Information supplied:
+-------+
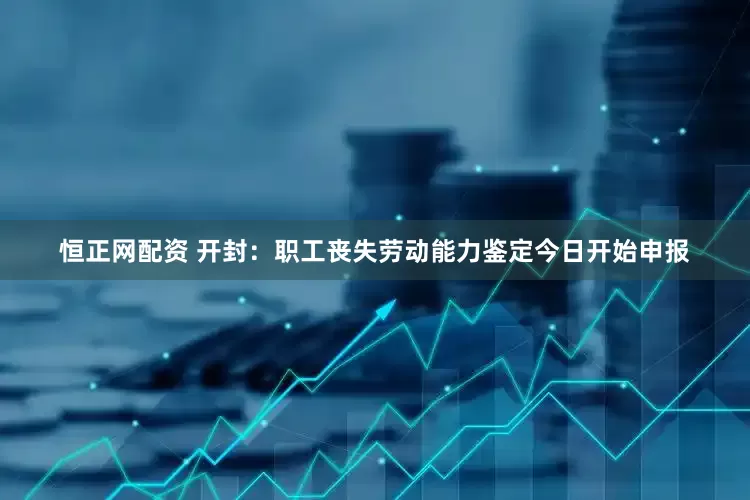 恒正网配资 开封：职工丧失劳动能力鉴定今日开始申报
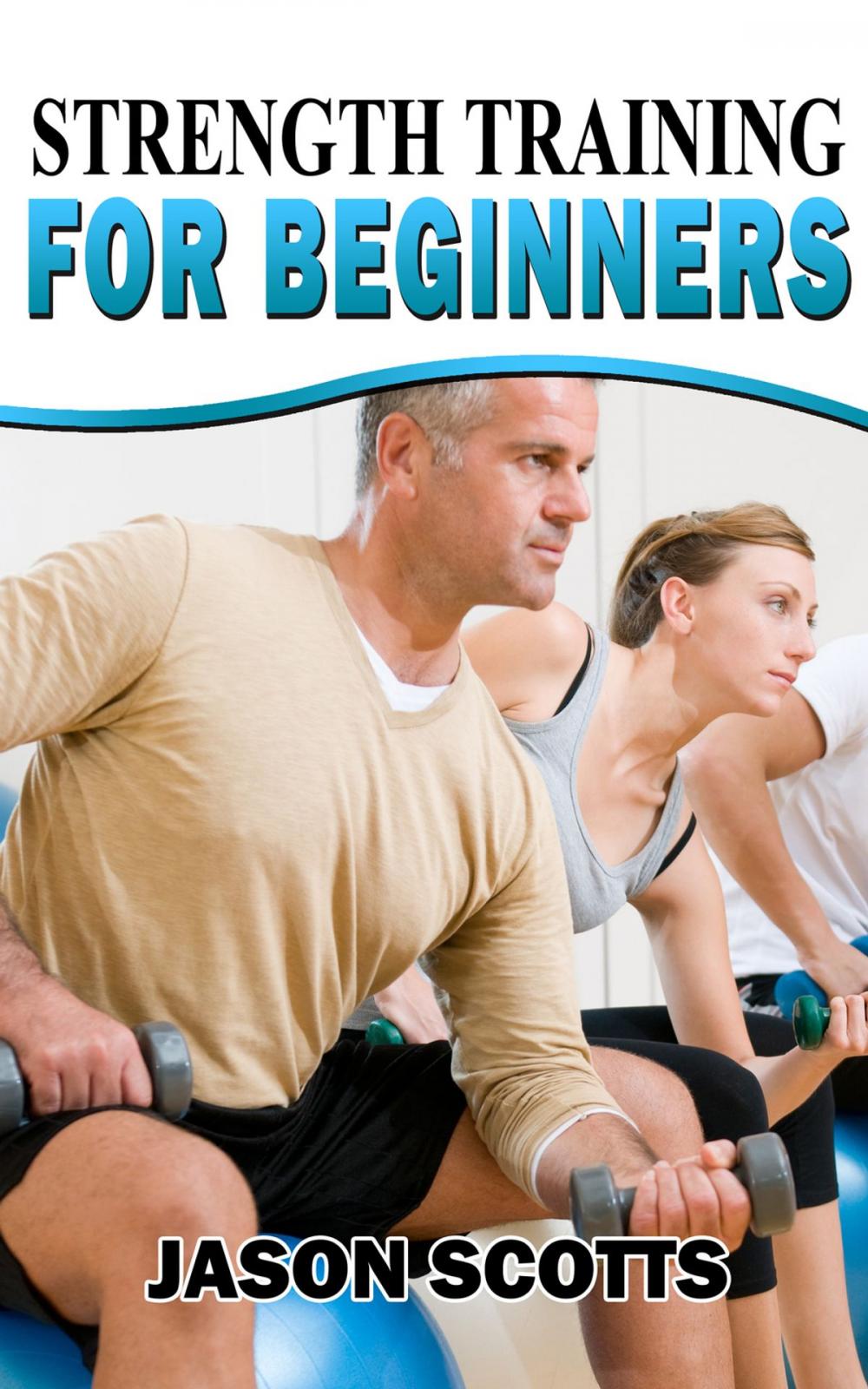 Big bigCover of Strength Training For Beginners:A Start Up Guide To Getting In Shape Easily Now!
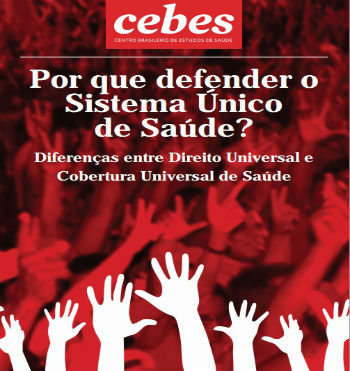 Capa do manifesto do Cebes, em cor vermelha, apresentando o título do documento - Por que defender o Sistema Único de Saúde? - e uma série de mãos destacadas em branco e também no fundo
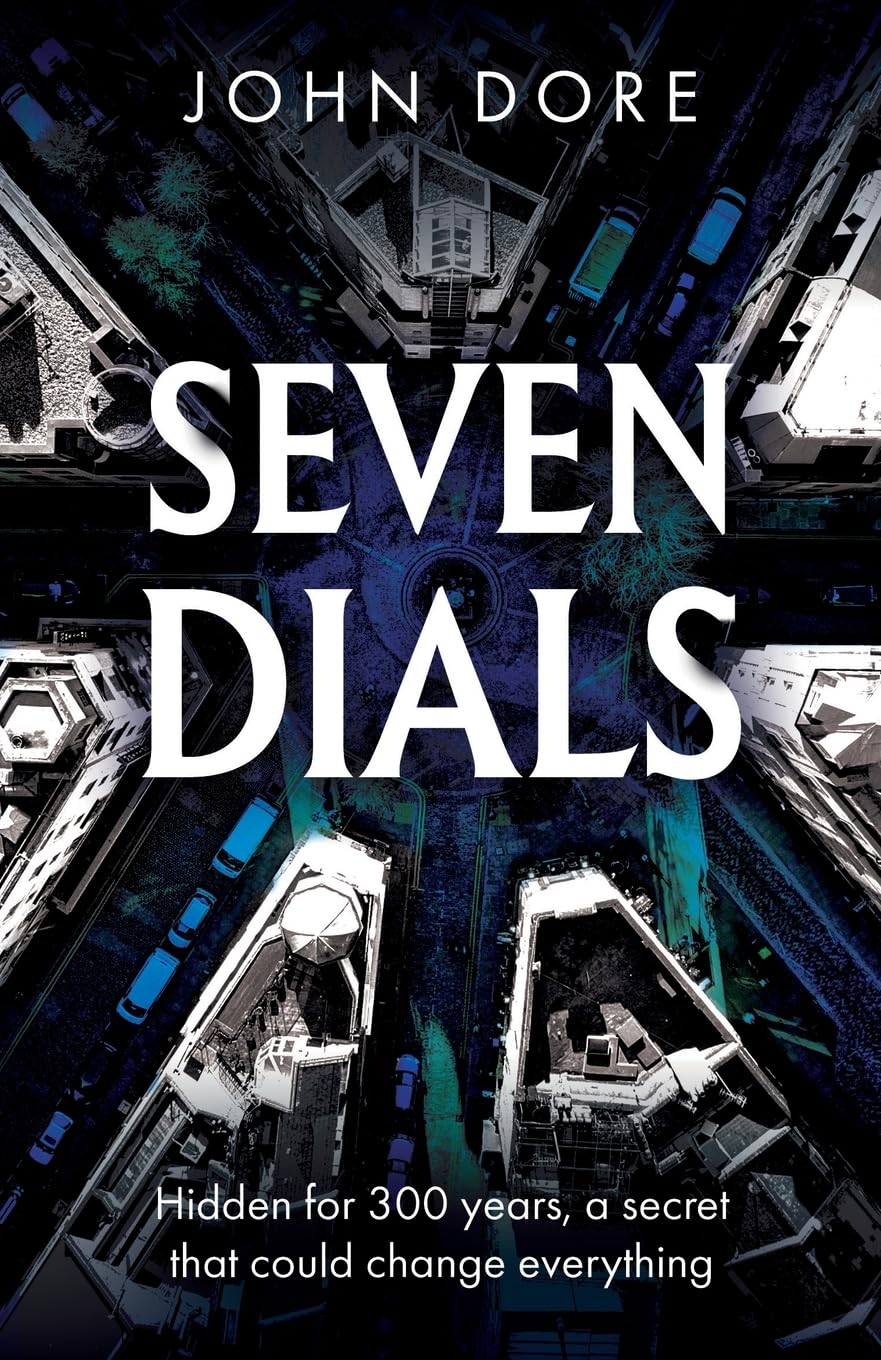Seven Dials by John Dore PAPERBACK 9781836284925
+-------+
What needs to be done: Pictures should not appear; only the lines from the start of the listing above to the line containing "Capa do manifesto", both ends included, are to be repeated exactly.

The completed task:
 恒正网配资 开封：职工丧失劳动能力鉴定今日开始申报
 Big bigCover of Strength Training For Beginners:A Start Up Guide To Getting In Shape Easily Now!
 Capa do manifesto do Cebes, em cor vermelha, apresentando o título do documento - Por que defender o Sistema Único de Saúde? - e uma série de mãos destacadas em branco e também no fundo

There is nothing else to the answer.